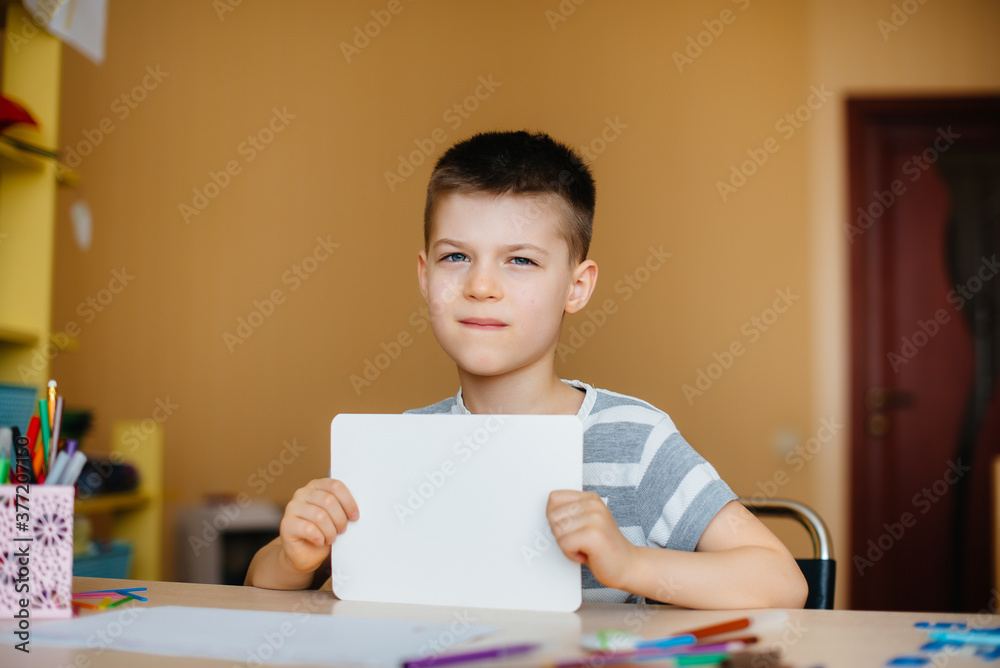 A school-age boy does homework at home. Training at school A school-age boy does homework at home. Training at school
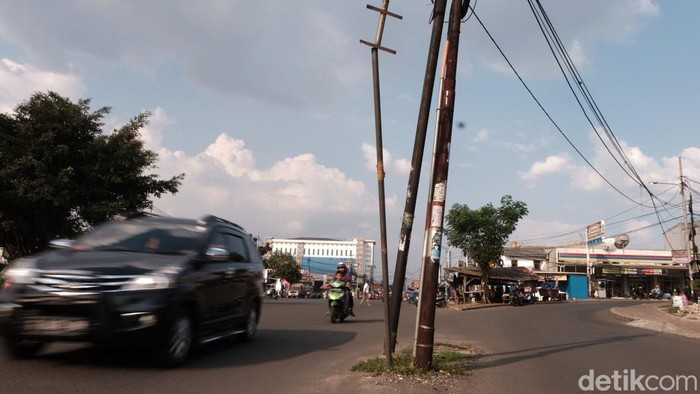 Ada 2 buah tiang berdiri di tengah jalan di Perempatan Viktor, Tangsel, Banten. Pengendara diimbau hati-hati di jalan.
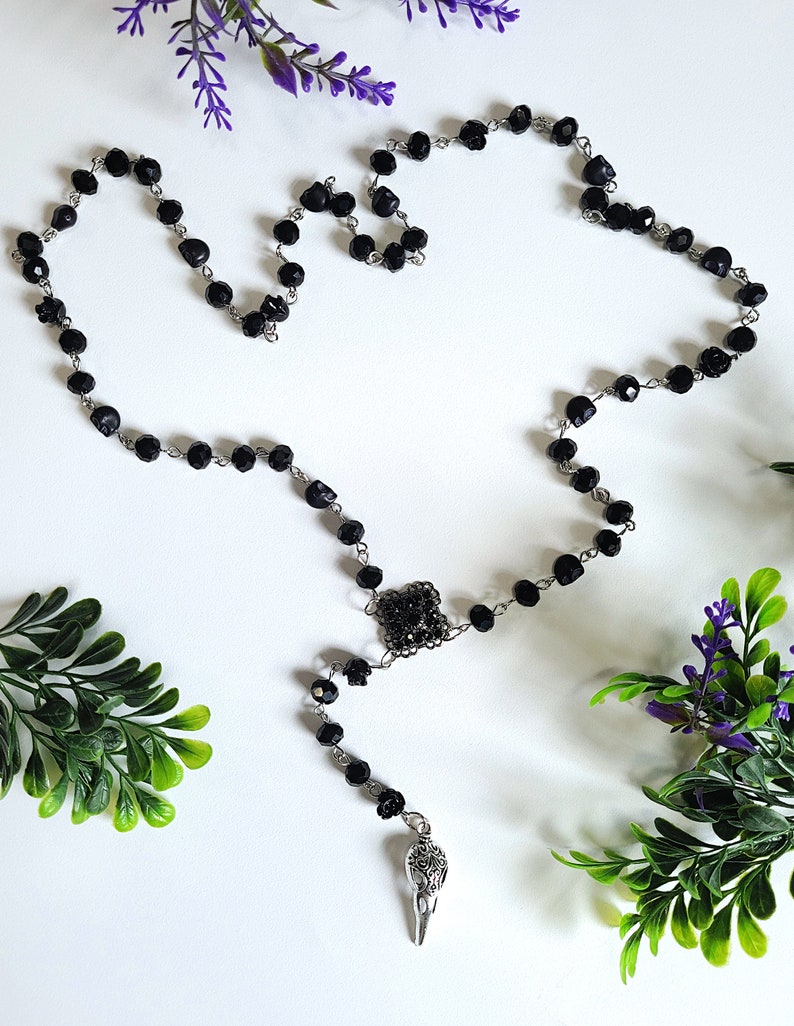 May include: Black beaded rosary necklace with a silver crow pendant. The beads are faceted and the pendant has intricate details.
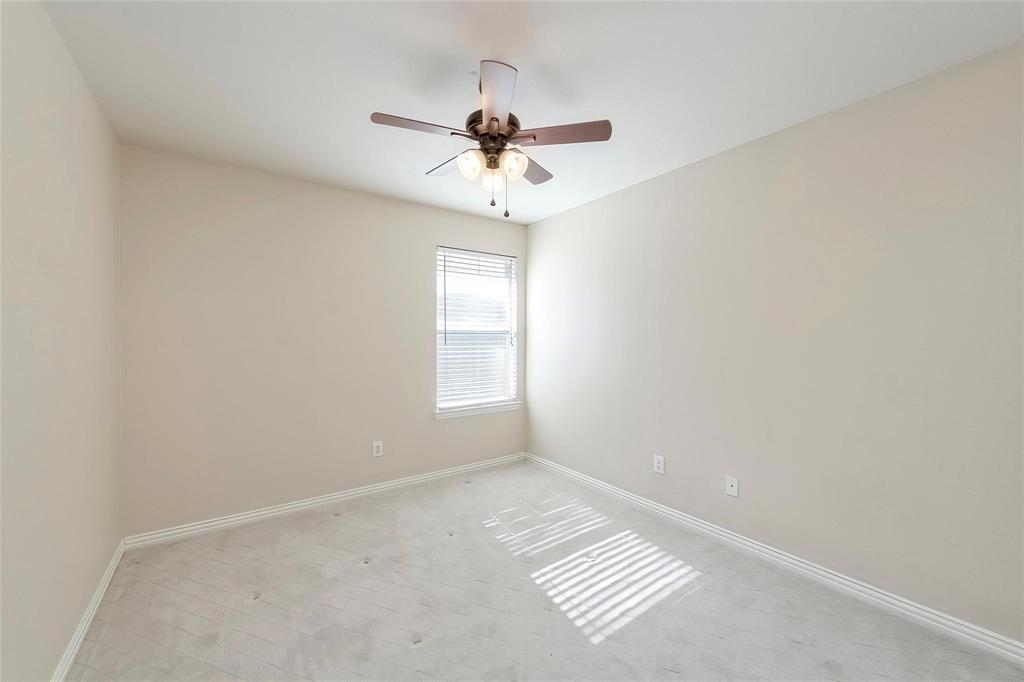 2716 Dawn Spring Drive Little Elm, TX 75068 - Photo 20 of 23 an empty room with windows and fan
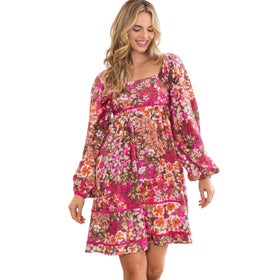 Happy woman smiling in a dark pink floral square neckline mini dress with long sleeves and a tiered hem, perfect for spring.
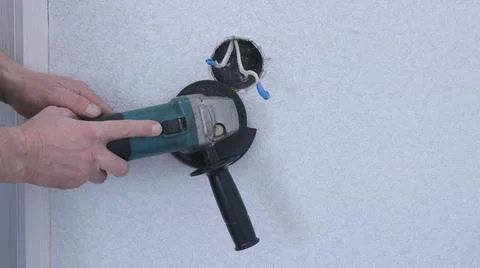 Working with an angle grinder while installing the socket Stock Photos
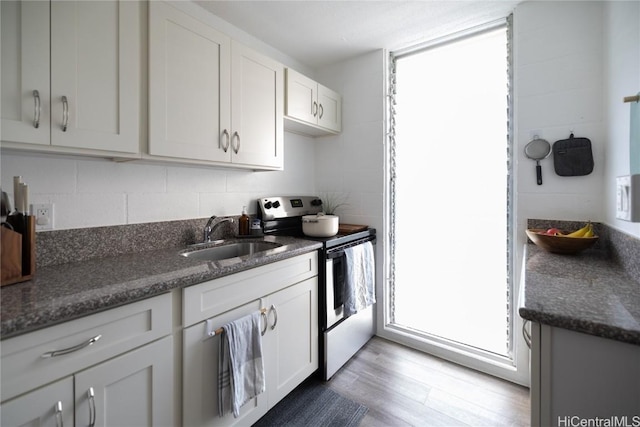 kitchen with dark stone counters, white cabinets, a sink, and electric range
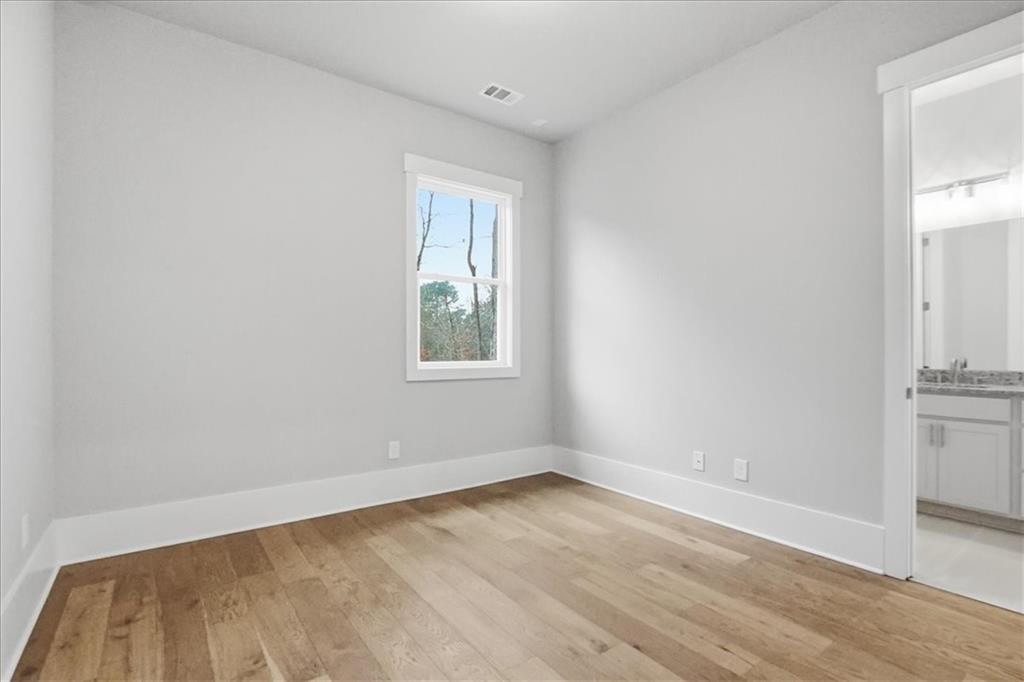 216 Ewing Way Dacula, GA 30019 - Photo 49 of 80 an empty room with a window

□ □ □

One exact copy of the data is required, and it should hold no pictures.

 A school-age boy does homework at home. Training at school A school-age boy does homework at home. Training at school
 Ada 2 buah tiang berdiri di tengah jalan di Perempatan Viktor, Tangsel, Banten. Pengendara diimbau hati-hati di jalan.
 May include: Black beaded rosary necklace with a silver crow pendant. The beads are faceted and the pendant has intricate details.
 2716 Dawn Spring Drive Little Elm, TX 75068 - Photo 20 of 23 an empty room with windows and fan
 Happy woman smiling in a dark pink floral square neckline mini dress with long sleeves and a tiered hem, perfect for spring.
 Working with an angle grinder while installing the socket Stock Photos
 kitchen with dark stone counters, white cabinets, a sink, and electric range
 216 Ewing Way Dacula, GA 30019 - Photo 49 of 80 an empty room with a window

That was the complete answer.